Recovering Digital Newspapers from Preservation

The Guidelines have emphasized, particularly in the last sections (Section 5: “Organizing Digital Newspapers for Preservation” and Section 6: “Packaging Digital Newspapers for Preservation”) that the time and work associated with recovery depends largely upon the work an institution does to logically structure, document and package its digital newspaper collections. Loss or corruption scenarios may involve one or a small number of files or they may involve whole collections. The institution as a data provider needs to know how and where to turn to issue a request for any preserved copies of data—be that in coordination with local archival management or an external preservation service provider. There may be specific request channels and protocols that need to be observed and followed. The institutional owner of the data should have all the necessary identifying information as it corresponds to the data stored so that proper identifications and timely retrievals can take place.

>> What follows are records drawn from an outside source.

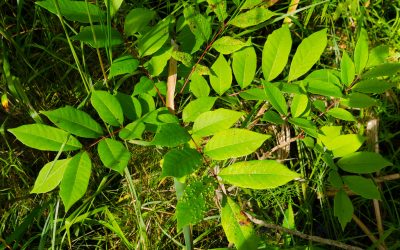 How to Identify, Remove, and Treat Poison Sumac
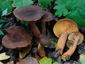 Lactarius subumbonatus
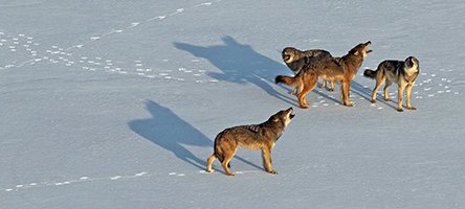 Isle Royale wolves face harsh winters and suffer from inbreeding.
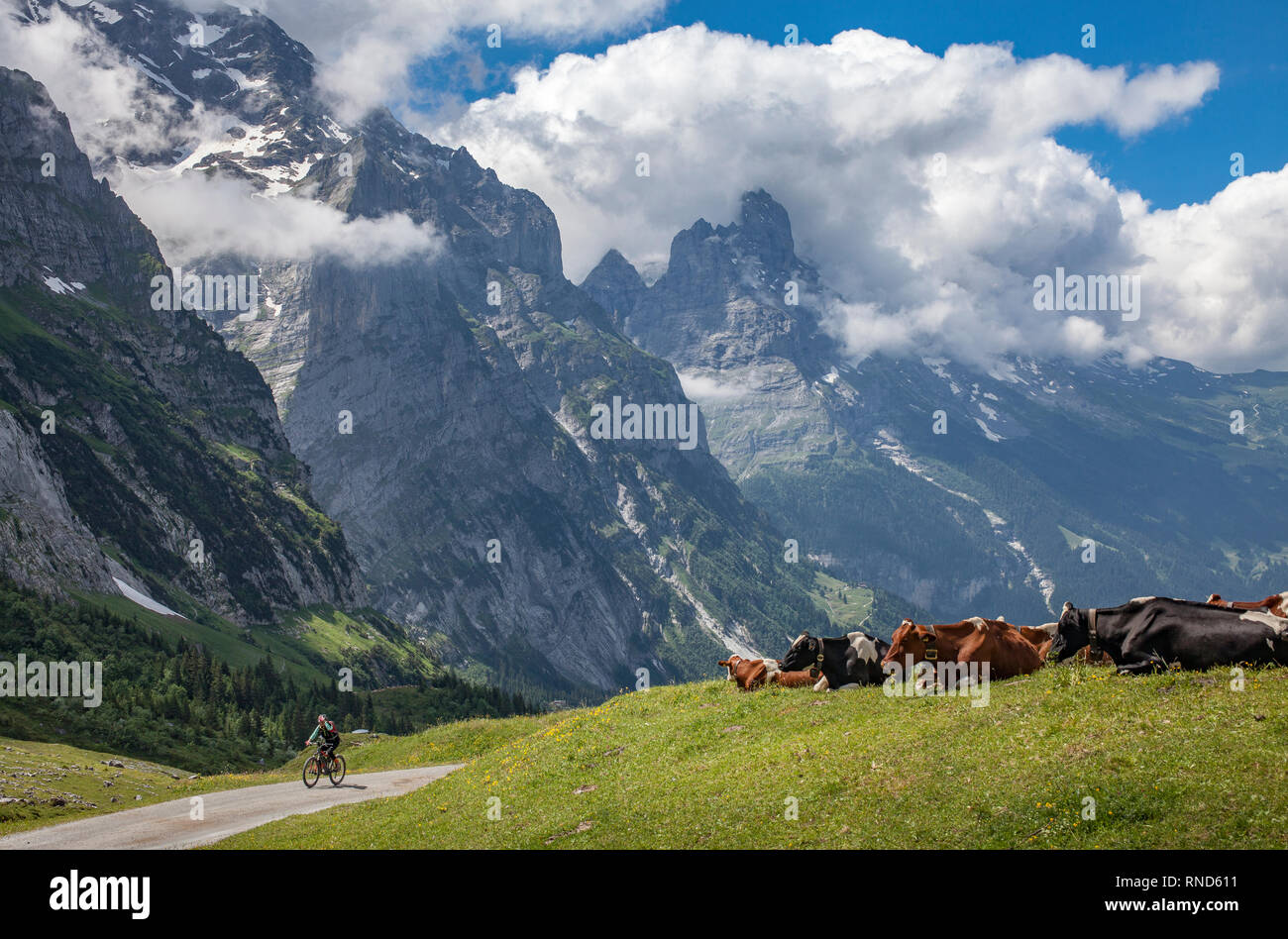 Rinderbestand im Grasland hoch über Grindelwald mit Eiger Nordwand im Hintergrund, Jungfrauregion, Berner Oberland, Schweiz Stockfoto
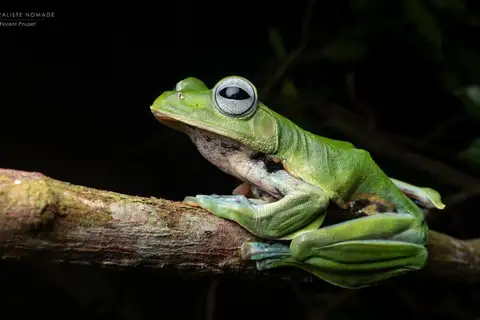 Norhayati's Flying Frog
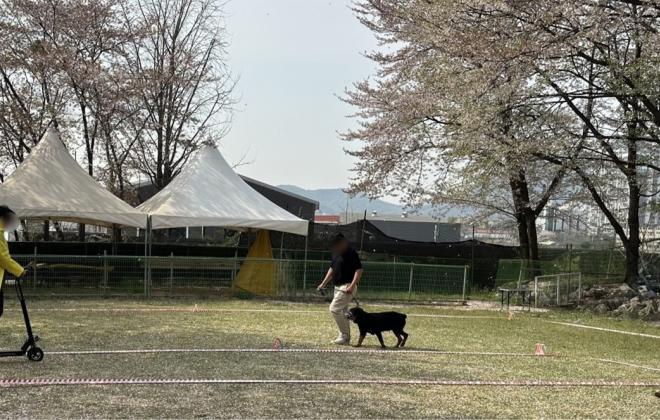 경기도, “맹견 키우려면 올해 말까지 꼭 허가 받으세요”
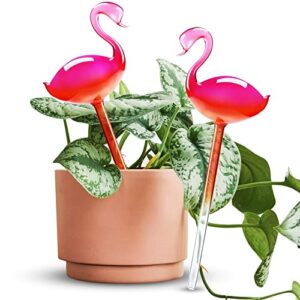 self-watering glass globes 2pcs flamingo gradient hot pink 10″ long hand blown bulbs pot plant waterer home indoor outdoor garden patio hanging flower aqua spike decorative automatic irrigation system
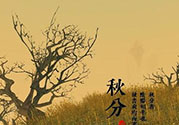 秋分吃什么？秋分吃什么水果？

Though the Reference Model for an Open Archival Information System (OAIS) primarily refers to this stage of activity in terms of Access and Dissemination Information Packages (DIPs) as they relate to end-user access requests, the information can be helpful for understanding requests for data from an archive as a bounded and segregated activity that should occur using resources not necessarily shared by those reserved for archival management. In other words there should be server/storage resources assigned for copying AIPs or objects within AIPs to in order to facilitate a retrieval of this data for recovery purposes—this might be an FTP enabled server, an external hard drive, or some other portable media for shipping/delivery purposes. Negotiating this media and delivery mechanism is important prior to facing an actual recovery scenario because it can determine what sorts of support needs to be in place at the receiving institution.

The institutional owner of this digital newspaper content should include within a DIP everything it needs to verify the correctness of the file(s) and their bit integrity. These Guidelines have consistently aimed to facilitate this objective by advocating for various documentary and metadata approaches that can disclose filenames and their linkages to metadata and checksum information. In the event of a full collection recovery, if metadata has been properly stored along with collection files, and any globally unique identifiers (GUIDs) that the local repository system makes use of to re-integrate collection content, this set of activities should be less cumbersome. The owning institution may want to test such recoveries as part of its initial archival storage efforts to ensure a seamless integration between archival management and recovery. Recovered preservation copies of digital newspaper data can then be used to produce any needed derivative access copies, if these also have been compromised.